Таким образом, я целиком направлен на другого. Бахтин постоянно подчеркивает, что по сравнению с я другой находится в привилегированной позиции. Человек, если не обращается к техническим ухищрениям, не видит большей части своего тела, да и собственного лица, тогда как другой, наоборот, не может абстрагироваться от мимики и жестики собеседника:
Моя наружность, то есть все без исключения экспрессивные моменты моего тела, переживается мною изнутри; лишь в виде разрозненных обрывков, фрагментов, болтающихся на струне внутреннего самоощущения, попадает моя наружность в поле моих внешних чувств, и прежде всего зрения. [286]
286
Там же. С. 54.
Поэтому другой обладает, по сравнению с я, избытком информации. Более того, по Бахтину, изолированного я вовсе не существует. Сам я только складывается, конституируется в диалоге с другим. При этом речь идет не только о восприятии, но и всей ценностно-моральной структуре. Уже в 1960-е годы Бахтин пишет:
Быть – значит общаться. <…> Быть – значит быть для другого и через него – для себя. У человека нет внутренней суверенной территории, он весь и всегда на границе, смотря внутрь себя, он смотрит в глаза другому или глазами другого. <…> Я не могу обойтись без другого, не могу стать самим собою без другого; я должен найти себя в другом, найдя другого в себе (во взаимоотражении, во взаимоприятии). [287]
287
Бахтин М. Заметки 1961 года // Бахтин М. Собр. соч. Т. 5. М., 1997. С. 344.
В других заметках того же периода Бахтин также подчеркивает нетождественность я, вступающего в общение с другим, чтобы вообще хоть что-то узнать о себе:
Гетерогенный состав моего образа. Человек у зеркала. Не-я во мне, т. е. бытие во мне, нечто большее во мне. В какой мере возможно объединение я и другого в одном нейтральном образе человека. Чувства, возможные только по отношению к другому (например, любовь), и чувства, возможные только к себе самому (например, самолюбие, самоотвержение и т. п.). Мне не даны мои временные и мои пространственные границы, но другой дан весь. Я вхожу в пространственный мир, другой – всегда в нем находится. [288]
288
Бахтин М. Рабочие записи 60-х – начала 70-х годов // Бахтин М. Собр. соч. Т. 6. М., 2002. С. 380.
Лишь в творческом противостоянии с другим может я познать мир. Пространство и время реальны лишь в том смысле, что в них и через них дан другой, через которого и перед лицом которого я должен теперь состояться. Бахтин даже предполагает, что доля другого в человеке должна превосходить «свою», чтобы я вообще мог существовать.

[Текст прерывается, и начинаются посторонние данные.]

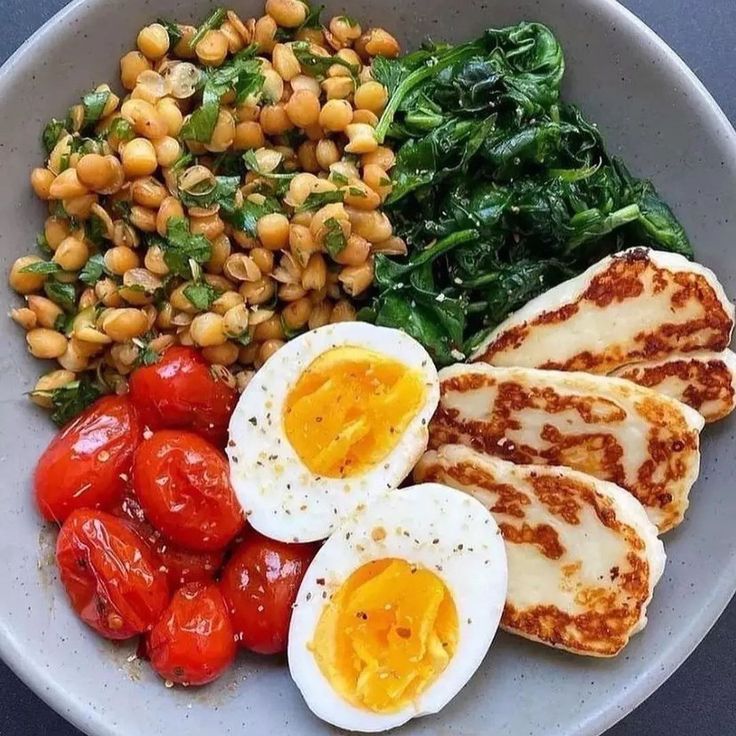 a white plate topped with eggs, tomatoes and spinach next to chickpeas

Смешение не-я и я воплощено и в бахтинской концепции авторства. Бахтин принял решающее участие в создании чужих книг;
289
См.: Poole В. Bakhtin and Cassirer. The Philosophical Origins of Bakhtins Carnival Messianism // South Atlantic Quarterly. 1998. Vol. 97.
Философский интерес Бахтина к проблеме авторства привел его к исследованию литературы. Парадоксальным образом и известность он получил прежде всего как литературовед, хотя постоянно подчеркивал, что понимал себя как философа. Возникает поэтому вопрос, почему Бахтин в 1920-е годы все более и более последовательно обращался к литературе, тогда как его интересовали в первую очередь вопросы не поэтики художественного текста, а философской антропологии.

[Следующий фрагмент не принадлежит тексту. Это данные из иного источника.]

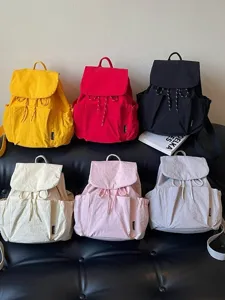 Sac à dos en toile décontracté pour femme, léger, grande capacité, parfait pour les voyages.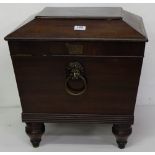 Regency Mahogany Wine Cooler, with brass lions head finial, on turned feet, the interior with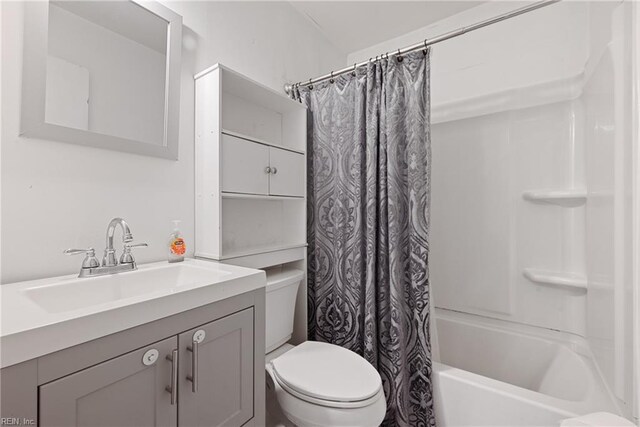 full bathroom featuring shower / bathtub combination with curtain, vanity, and toilet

Ответ лежит, видимо, в биографической важности для Бахтина литературных фигур и ситуаций. Литература предлагала Бахтину своего рода эрзац мира, куда отдельные люди легче вписывались, поскольку их сложность принципиально редуцировалась. С одной стороны, литература сводит жизнь к наглядно-обозримому смысловому образованию, с другой – предоставляет богатый ресурс смысла, возможностей опыта и интенсивности.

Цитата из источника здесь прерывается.